Sunday, February 24, 2019

How Mountain Biking has changed in the last 20 years

Links to this post
Dropper Posts, Attitudes and Full Face Helmets...
Is This A New Sport?


The truth is, mountain biking is barely recognizable from what it was in 1998. Back then, bikes had 3 chainrings up front, bar ends, grip shifters, 26 inch wheels with the widest tire width being 1.95. Most people still did not ride with suspension, elbow or knee pads or any mountain bike specific clothing. People did thankfully wear helmets back then but these were poorly designed and made the wearer look like a bobble head doll. 

It was an easier sport to get into 20 years ago. Sure, there were still premium bicycles back then too, as there have always been since people started riding bikes. However. there were more bikes priced for the masses. $400 was a serious chunk of change that could buy a decent and durable bicycle from an LBS. Most people did not even splurge that much on a bike. The average person had a $75 to $100 bike that they bought at Sears. The limiting factor back then was technology. Bicycles today are far more capable of handling rough terrain without the same set of skills needed to ride the same terrain 20 years ago. In fact, trails are being designed with more jumps, drop offs and other technical features that most people had to walk around back in the old days. So the trade off is that now bikes are more capable, but they are no longer as affordable as they were back then .
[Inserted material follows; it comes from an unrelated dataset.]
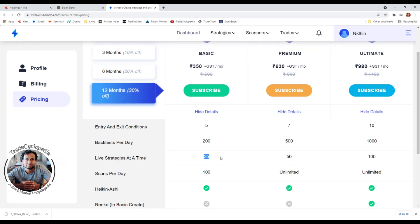For live strategies: after creating and back testing a strategy, you can paper trade it, and if you want to deploy it live you can. With the Basic plan you can deploy up to 25 strategies at a time, which is sufficient. If you need more than 25 you'd have to take one down and deploy another. Premium allows 50, and Ultimate allows 100 live strategies.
The image of the stereotypical mountain biker has also changed. 20 years ago mountain bikers were daredevils or unconventional hippie types left over from the seventies. Make no mistake, these guys could still shred on their old bikes and they were sending their bikes off of big obstacles before "sending it" was even a thing. Since technology was so primitive back then they knew there were no shortcuts to being a good mountain biker. Popping a wheelie and being able to lift up a front wheel, as well as using your body as the suspension where essential skills that had to be learned before taking any serious risks on the trail. As a result, people in general weren't going as fast on the trails or "sending it" off  big jumps like they are now, at least not without extensive amounts of practice and skill building. 

People that are getting into mountain biking today have a big expectation on their bikes and equipment to bail them out of sketchy situations or error-correct a lot of their skill deficiencies. That's because many people are coughing up some big bucks to get into the sport. Some mountain bikes can cost as much as $5000 and even upwards of that. A lot more people are buying bikes at this price than they were in the 90's (as a point of reference, a new car in the early 90's cost the same as a new bike does today). The ensuing carnage due to lack of skills on the trail has opened a new opportunity for the bike industry to make more mountain bike specific apparel. However mountain bike specific apparel today looks like a typical motocross outfit; full face helmet, pads and sometimes body armor, full fingered gloves and goggles.  In addition to that, a lot of riders strap at least 3 GoPro cameras on their bike so that they can record themselves "sending it" whenever they can. While I can appreciate that the fun factor hasn't left mountain biking, there is an underlying corporate culture and emphasis on branding that has been creeping into the sport in order to make it more exclusive, premium pastime. 

Recently it dawned on me how clueless some new mountain bikers were when riding a section of my favorite trail, Northshore. Experienced riders know the safest line of passage when weaving through rock gardens or going down drops and rock beds. I had approached a rider planted dead center of the trail, with a full face helmet, pads and a full suspension bike, contemplating whether is was going to roll of a giant boulder to land on the other side. "Take the drop to the left, that's the best line" I said, trying to alert his attention as a was getting closer to the drop myself. "Says who?" the guy retorted. "Says the guy not wearing a full face" I snapped back. We were on the notorious "West side" of the trail, known for it's rock gardens and technical terrain. I grew up riding this trail and there are still sections of it that I am not ashamed to walk. Sometimes there can be a problem when someone overly relies on their bike or their gear to cover for their lack of experience. Case in point the guy at Northshore.

In another instance I heard a guy referring to a mountain bike ride as "A no drop group ride". I nearly fell of my chair. Group rides are roadie (road biker) events where everybody rides together in a paceline (also known as a pelotón) and people get dropped when they can no longer hold the pace of the group. Not only would riding in a paceline on a mountain bike trail be impossible, no one would or should be getting dropped. If some riders are faster than others, they are simply faster. Discuss this in your group and determine where on the trail the group needs to stop and wait for the others to catch up. Mountain biking is awesome fun to do with a group of your friends, but keep in mind that there is more individual effort involved and speed and skills come eventually. Don't get mad if you're the slowest in the group. Be humble enough to admit it and ask the group to re-group at certain junctions along the trail. 


These are my observations (and my latest beef) on how mountain biking has changed in the last 20 years.